What is required: Retype each line of the material exactly, please, skipping any picture in it.

Provided material:

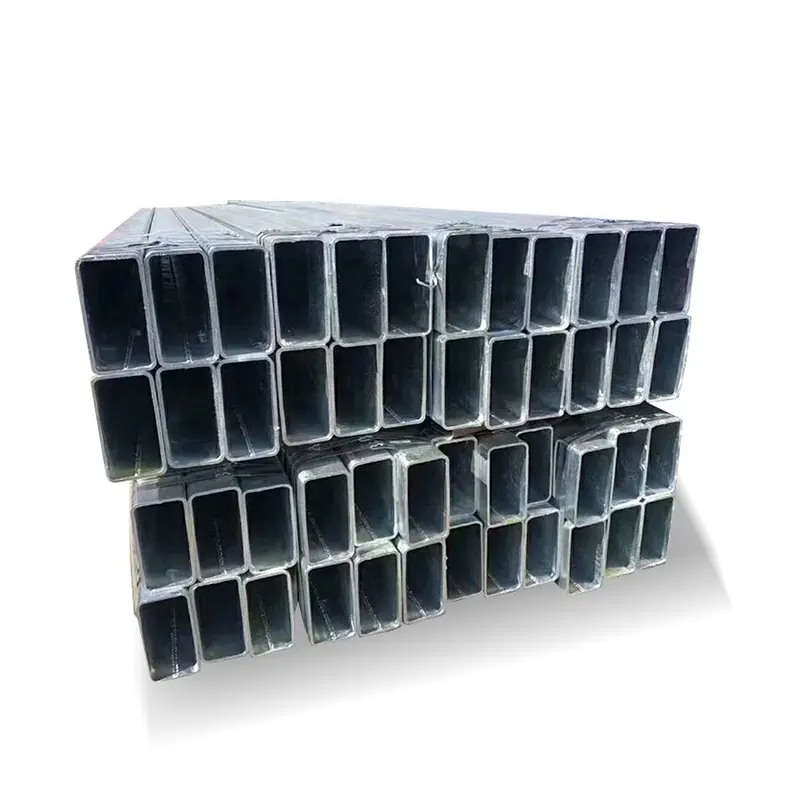 Galvanizli şerit çelik yapmak için kullanılır boru fiyatı 50mm GALVANİZLİ ÇELİK BORU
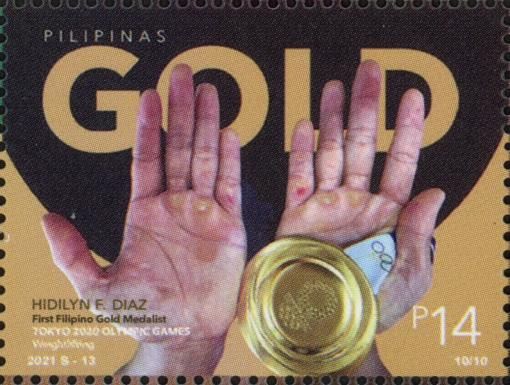 Hidilyn Diaz, First Filipino Olympic Gold Medalist
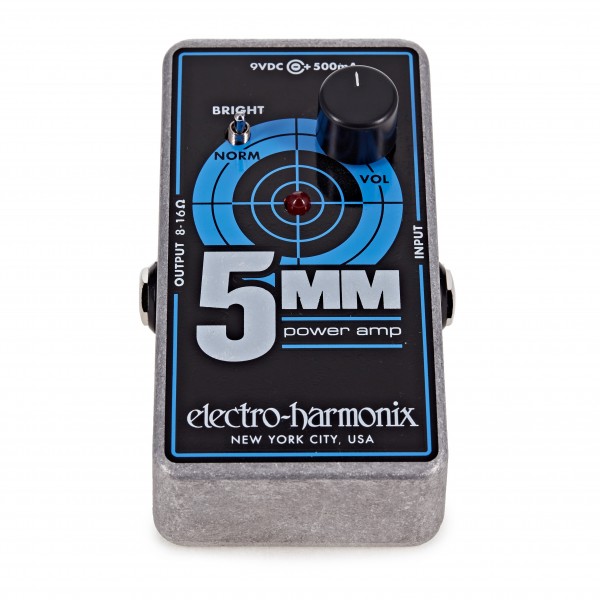 Electro Harmonix 5MM Power Amp Pedal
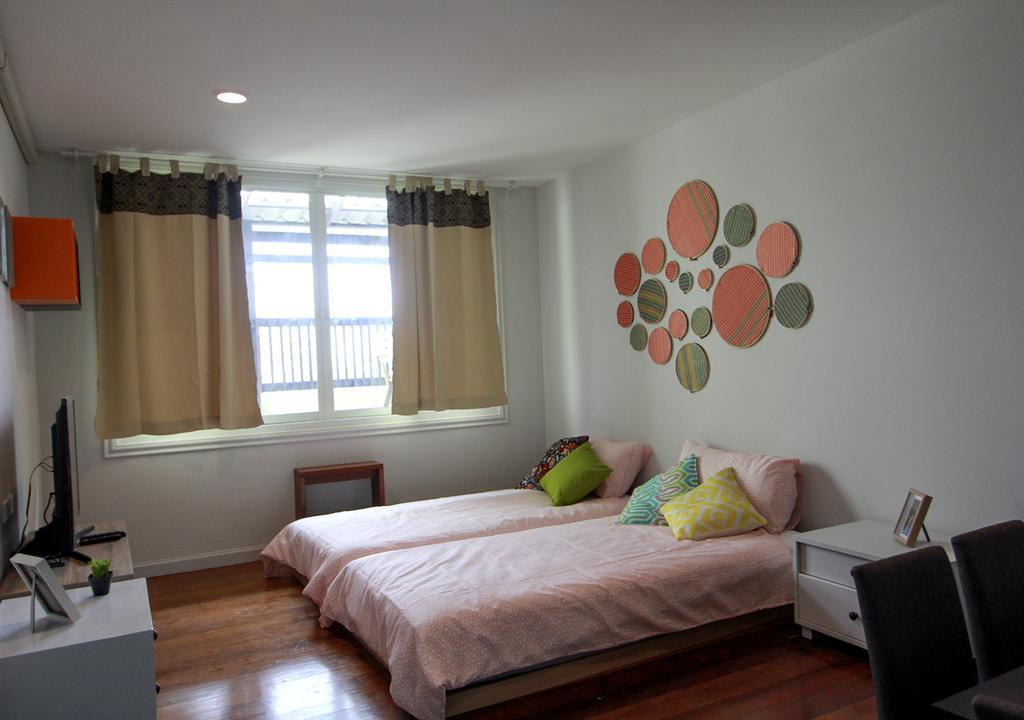 The Serene House Bangkok Luaran gambar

Finished task:
 Galvanizli şerit çelik yapmak için kullanılır boru fiyatı 50mm GALVANİZLİ ÇELİK BORU
 Hidilyn Diaz, First Filipino Olympic Gold Medalist
 Electro Harmonix 5MM Power Amp Pedal
 The Serene House Bangkok Luaran gambar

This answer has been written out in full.